- Exercise directions
Wherever a picture sits, omit it. Output the rest of the listing exactly.

- Data below
━━━━

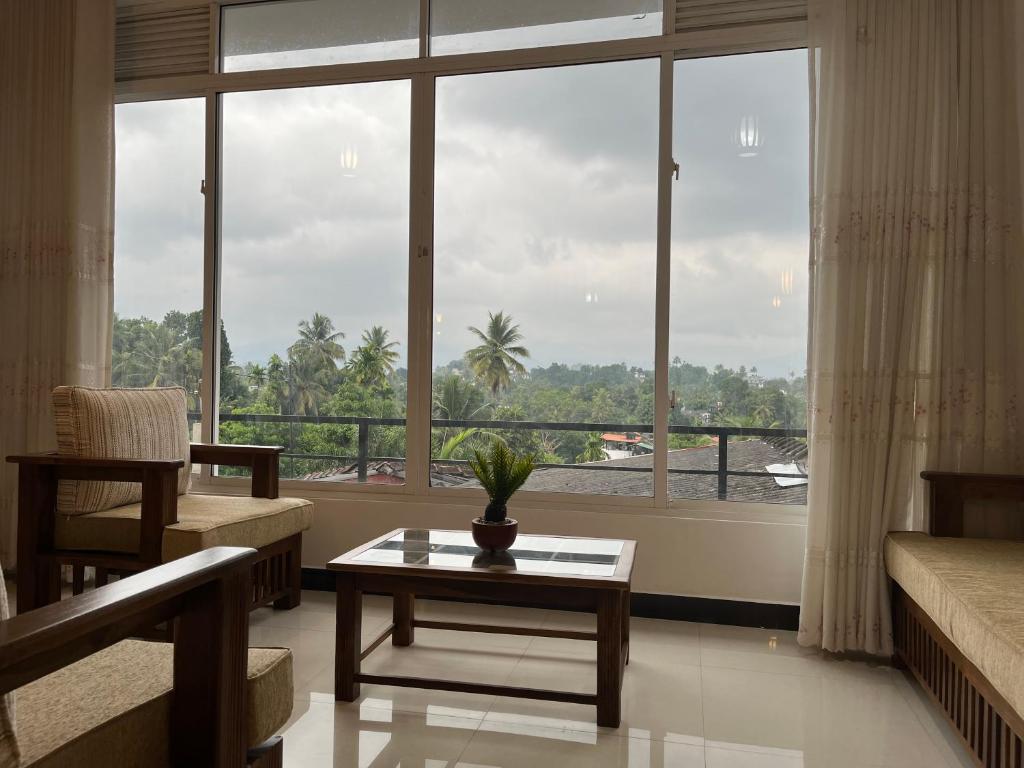 a living room with a table and a large window at Cottage Fifty One in Kandy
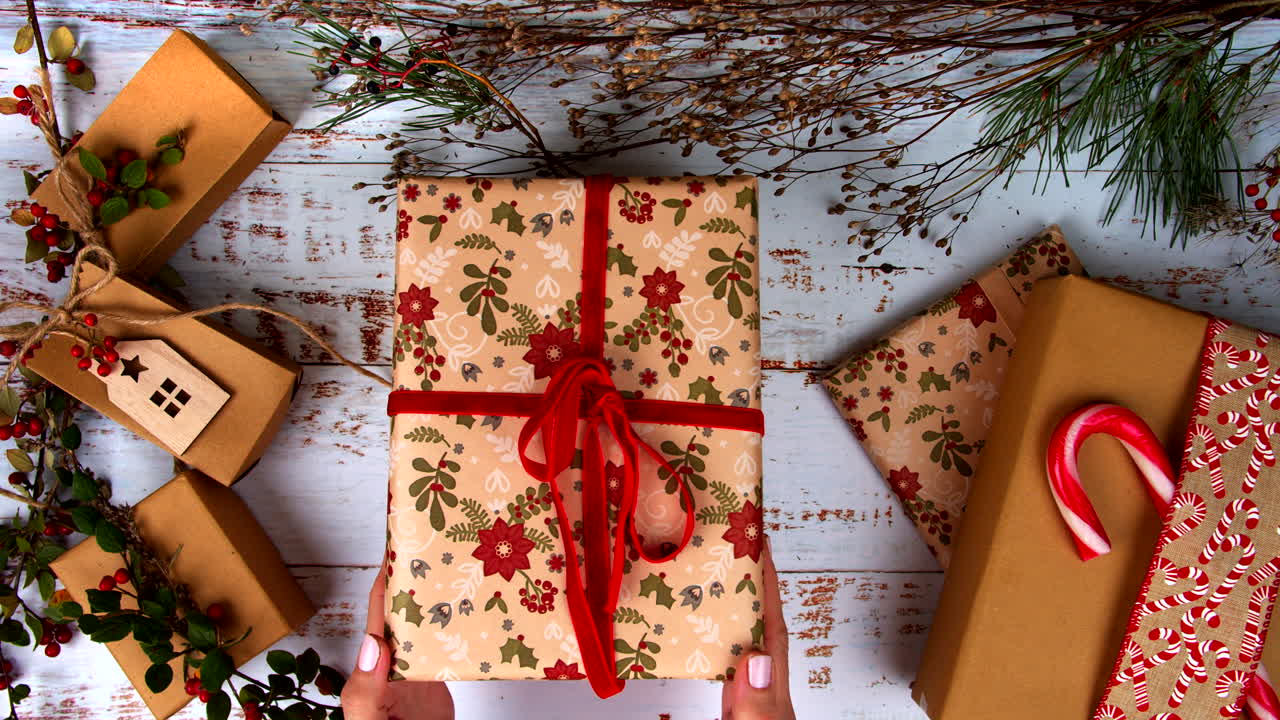 Beautifully wrapped Christmas gift with festive red ribbon and natural décor, placed among holiday packages. Perfect for seasonal displays, gift ideas, and festive celebrations. Flat Lay.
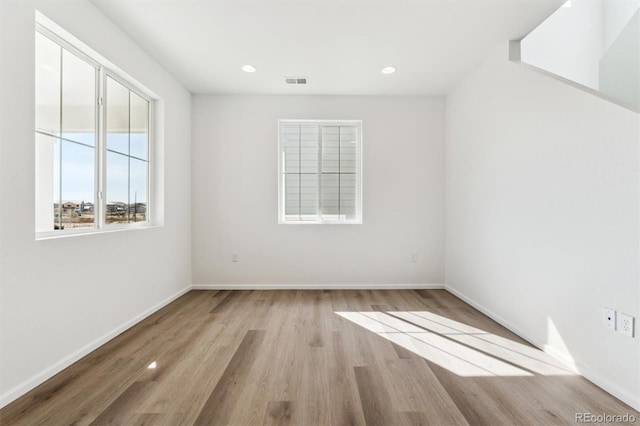 unfurnished room featuring recessed lighting, wood finished floors, visible vents, and baseboards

━━━━

- Task output
 a living room with a table and a large window at Cottage Fifty One in Kandy
 Beautifully wrapped Christmas gift with festive red ribbon and natural décor, placed among holiday packages. Perfect for seasonal displays, gift ideas, and festive celebrations. Flat Lay.
 unfurnished room featuring recessed lighting, wood finished floors, visible vents, and baseboards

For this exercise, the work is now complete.